Il y en a plein, c’est une question difficile. Je suis aimé par les élèves, par les parents et parfois j’arrive à tisser des relations qui vont au-delà de l’enseignement. Ma famille s’agrandit de jour en jour ! Certains de mes élèves sont devenus ministres, sont des responsables qui parfois m’écrivent. L’Alliance est devenue une nouvelle famille.
Quelle est votre classe préférée ?
Aucune, j’aime me défier. Avant, j’aimais beaucoup les niveaux avancés, puis j’ai appris à aimer tout autant les niveaux intermédiaires, le B1 notamment, qui me permet de poser les bases nécessaires pour une réussite en B2 ou C1. Récemment, le public de l’Alliance s’est rajeuni avec le développement des cours pour les tout petits. On accompagne les élèves dès l’enfance, ils grandissent avec le FLE. Je ne comprends pas comment ils peuvent évoluer autant. En un an, les progrès sont phénoménaux.
L’essentiel ce sont les collaborateurs. Quand on a de très bons collaborateurs, on fait beaucoup de choses. Le personnel administratif de l’Alliance est très bien, il fait son travail avec amour. Et le directeur joue un rôle crucial. L’Alliance a eu des périodes difficiles et j’ai eu pitié de la directrice actuelle à son arrivée. Mais j’ai trouvé en elle une personne très solide qui a su trouver les bonnes solutions et donner une cohérence aux cours et à l’action culturelle qui pour moi sont indissociables. Célestine a créé une vraie transversalité. Aujourd’hui on a confiance, non seulement nous, personnel de l’Alliance, mais aussi notre public, la population comorienne.

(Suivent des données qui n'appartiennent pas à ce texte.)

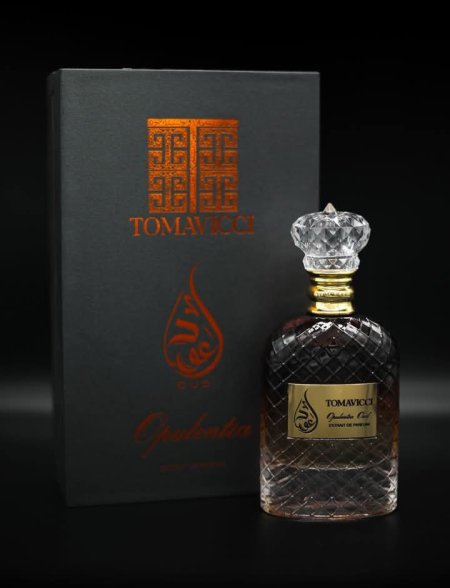 Opulentia Oud Tomavicci للجنسين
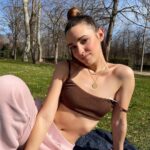 Sara Vidorreta Instagram - Resumen de mi domingo: 1. Primer día tomando el sol 2. 15 minutos más tarde 🫠 3. Ya derretidos x100 jaja 4. Un poco de postureo entre vuelta y vuelta 🙊 5. Feliz recogiendo nuestra comida 6. Recovering energy :)))) 7. Pillada mientras estudio concentrada 8. Momento hacer el tonto @natdekraker <3 • • • #tumblr #tumblrgirl #tumblraesthetic #aesthetics #aesthetic #streetphotography #streetstyle #ootd #outfitoftheday #outfitinspiration #lareinadelsur #lrds #vampire #vampi #faustinosanchezgodoy #lincolnpalomeque #saravidorreta #portrait #portraitphotography #madrid #españa #look #netflix #actriz #actress #retiro #photodump #couplegoals #picnic Retiro Park,Madrid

L’Alliance revit et j’espère que cela continuera. Notre équipe est plus solide que jamais, les nouveaux professeurs, les stagiaires qui ont travaillé avec nous cette année ont contribué à cette dynamique. Il faut évoluer avec le monde, sinon « Viragi isto hou latza » (le virage risque de te perdre). Autrement dit, si tu n’accompagnes pas le virage en voiture, tu seras éjecté de la route.